We give a near-optimal sample-pass trade-off for pure exploration in multi-armed bandits (MABs) via multi-pass streaming algorithms: any streaming algorithm with sublinear memory that uses the optimal sample complexity of $O(\frac{n}{\Delta^2})$ requires $\Omega(\frac{\log{(1/\Delta)}}{\log\log{(1/\Delta)}})$ passes. Here, $n$ is the number of arms and $\Delta$ is the reward gap between the best and the second-best arms. Our result matches the $O(\log(\frac{1}{\Delta}))$-pass algorithm of Jin et al. [ICML'21] (up to lower order terms) that only uses $O(1)$ memory and answers an open question posed by Assadi and Wang [STOC'20].
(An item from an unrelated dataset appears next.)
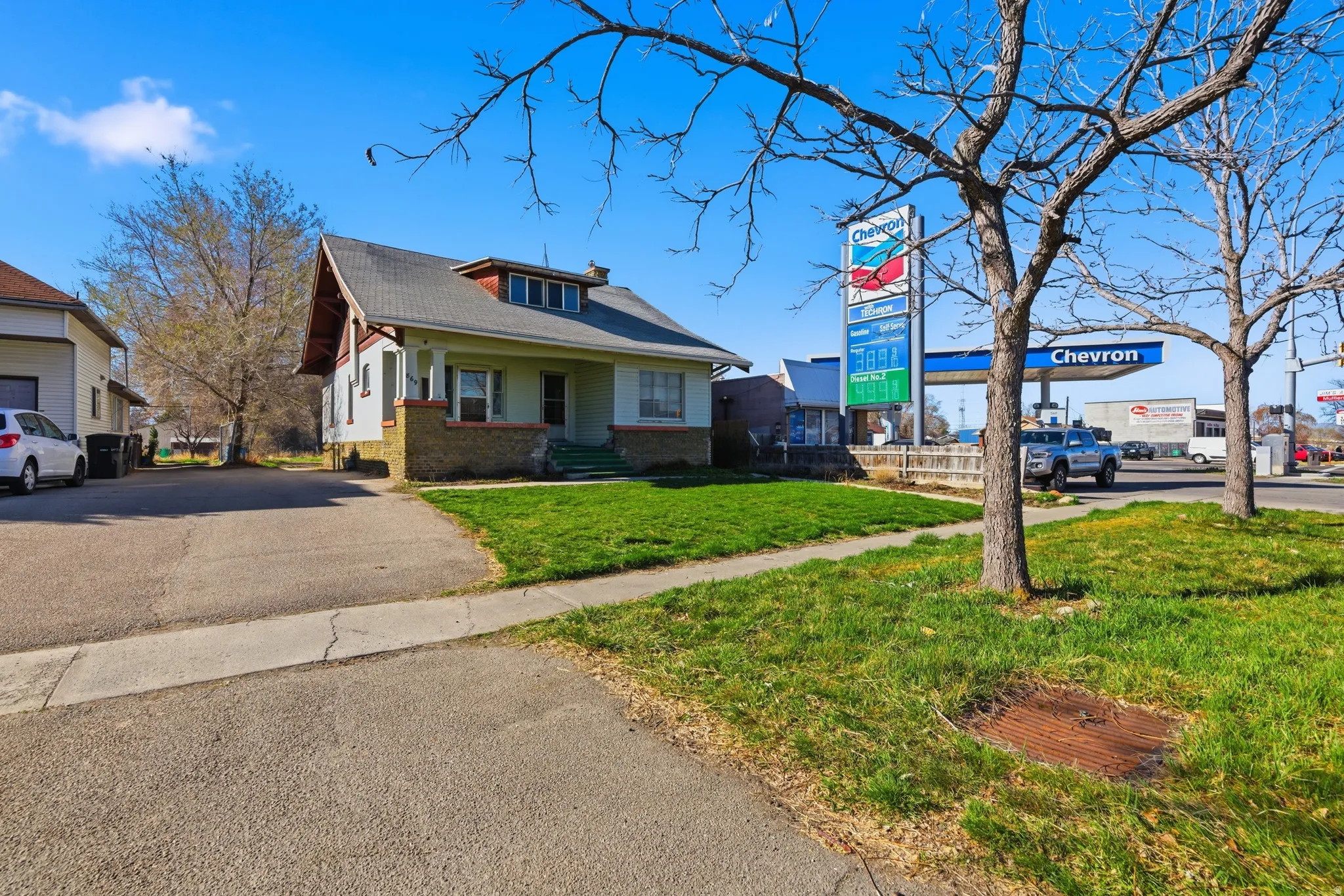 View of front of property featuring a front yard, brick siding, and a porch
翻译：我们针对多臂赌博机（MAB）中的纯探索问题，通过多轮次流式算法给出了近乎最优的样本-轮次权衡：任何使用次线性内存且达到最优样本复杂度 $O(\frac{n}{\Delta^2})$ 的流式算法，都需要 $\Omega(\frac{\log{(1/\Delta)}}{\log\log{(1/\Delta)}})$ 轮次。其中 $n$ 表示臂的数量，$\Delta$ 表示最优臂与次优臂之间的奖励间隔。我们的结果与 Jin 等人 [ICML'21] 提出的仅使用 $O(1)$ 内存的 $O(\log(\frac{1}{\Delta}))$ 轮次算法（仅相差低阶项）相匹配，并回答了 Assadi 与 Wang [STOC'20] 提出的一个开放性问题。